During the month of October the staff members at Highlands Ranch High School and the surrounding community come together to compete for the most steps in Walktober as an effort to promote healthy habits. On Oct. 1, 73 HRHS teams entered the challenge for being one of the top ten teams with the most steps logged.

To join in on the competition staff members are asked to create teams of four to 10 people, often those who have similar goals in mind, and each member tries to earn from 6,000 to 10,000+ steps a day, then throughout all of October, the teams compete for the top spot in the community. The top participation, top 5 teams, top 5 individuals, first 5 teams registered, and steps logged for all 31 days receive prizes varying from wellness accessories to gift cards.

According to the Center for Nutrition Studies, walking for as little as 30-45 minutes a day can have a big impact. Brisk walking, which is faster than walking, is the recommended way to gain the most from walking. The longer a habit like this is built the better and longer lasting the impact is on that person. 

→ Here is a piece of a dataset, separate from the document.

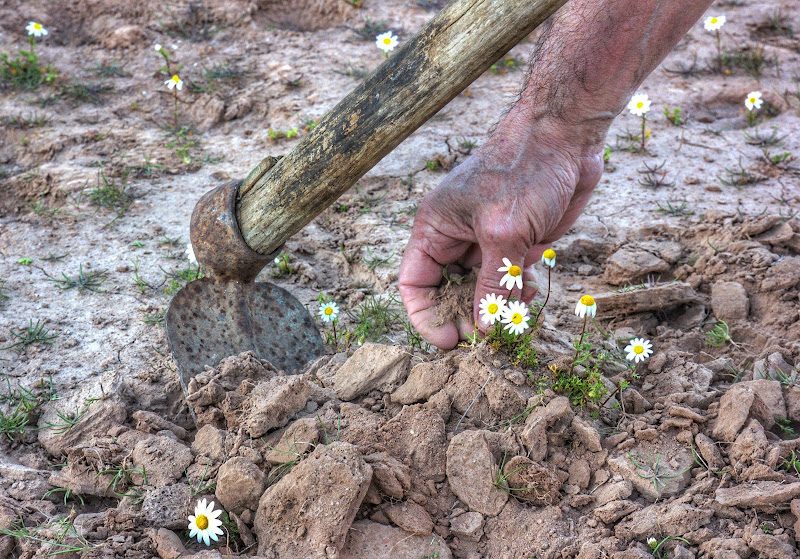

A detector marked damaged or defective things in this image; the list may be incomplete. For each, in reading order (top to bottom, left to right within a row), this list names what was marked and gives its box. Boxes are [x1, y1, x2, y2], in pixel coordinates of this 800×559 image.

rusty metal [164, 179, 324, 390]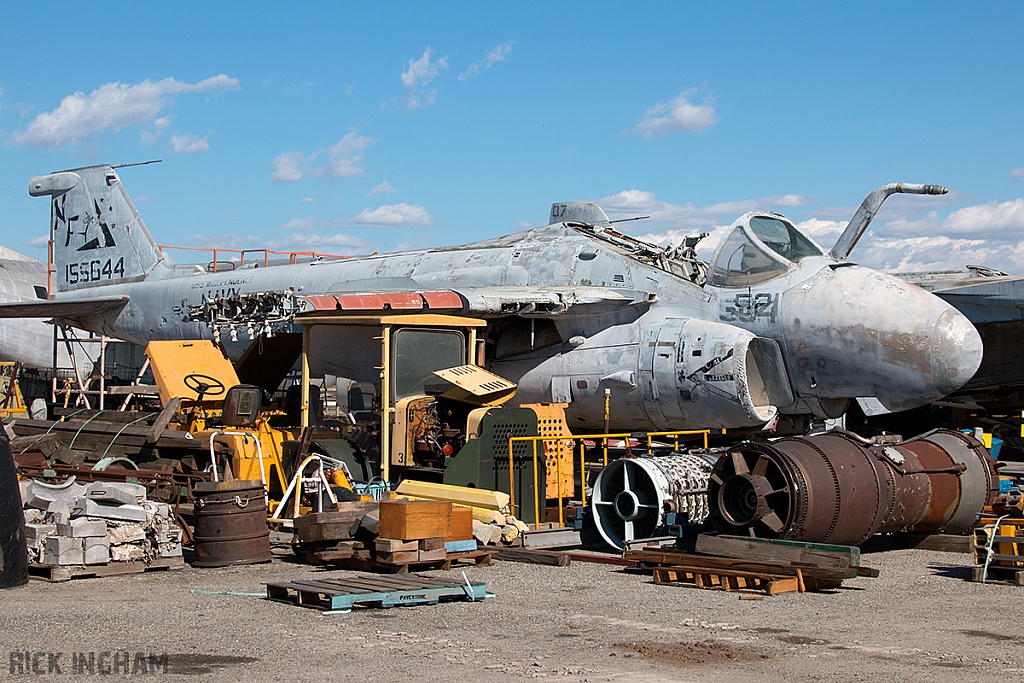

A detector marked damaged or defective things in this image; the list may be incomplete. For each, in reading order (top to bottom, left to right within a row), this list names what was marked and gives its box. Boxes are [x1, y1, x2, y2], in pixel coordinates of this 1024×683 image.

rusted metal part [192, 484, 272, 568]
rusted metal part [708, 430, 996, 548]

Infographic by Addison Rohr Source: NBC news

Although this school year has looked different for everyone, it is still important that people are taking good care of themselves. Stephanie Griggs, physical education teacher, said, “When we are super stressed out, we need exercise even more, but it’s what we want to do less, but it’s exactly what we need.”

The program is accessible for everyone no matter their circumstance. Those who have restrictions from participating in walking can choose to track their physical activity on a normal day. These activities can include rowing, biking, or lifting. The main goal is to motivate those involved to move their body and promote healthy habits. “Look for excuses to walk. Parking your car as far away from the front door, when it’s safe, to give yourself more steps. Or taking the stairs when there’s the option for an elevator, or setting an alarm so that after 50 minutes of sitting to walk around,” said Griggs. She believes there are always opportunities to gain more steps and keep active.

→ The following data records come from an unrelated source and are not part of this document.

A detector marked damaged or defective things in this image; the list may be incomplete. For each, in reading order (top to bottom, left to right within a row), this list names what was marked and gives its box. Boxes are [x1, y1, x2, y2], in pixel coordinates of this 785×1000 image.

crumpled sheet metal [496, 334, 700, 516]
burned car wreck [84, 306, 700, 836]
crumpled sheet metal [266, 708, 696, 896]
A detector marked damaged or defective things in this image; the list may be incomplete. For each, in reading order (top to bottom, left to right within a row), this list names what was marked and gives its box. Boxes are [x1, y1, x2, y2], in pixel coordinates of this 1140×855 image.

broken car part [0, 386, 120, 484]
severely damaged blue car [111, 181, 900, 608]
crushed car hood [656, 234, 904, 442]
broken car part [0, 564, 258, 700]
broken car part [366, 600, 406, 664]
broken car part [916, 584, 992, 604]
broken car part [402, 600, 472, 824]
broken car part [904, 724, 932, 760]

In past years only staff members have been able to participate, but this year, family members, 13 and up, were welcome to join. The staff is hoping in the years to come, students will be able to participate in the program. Adding in student involvement may help to grow the program and force the students to get active and move around throughout their day. Morgan Williams, junior, said, “During online days having motivation and competition to get outside and walk would be good for students getting away from the computer.”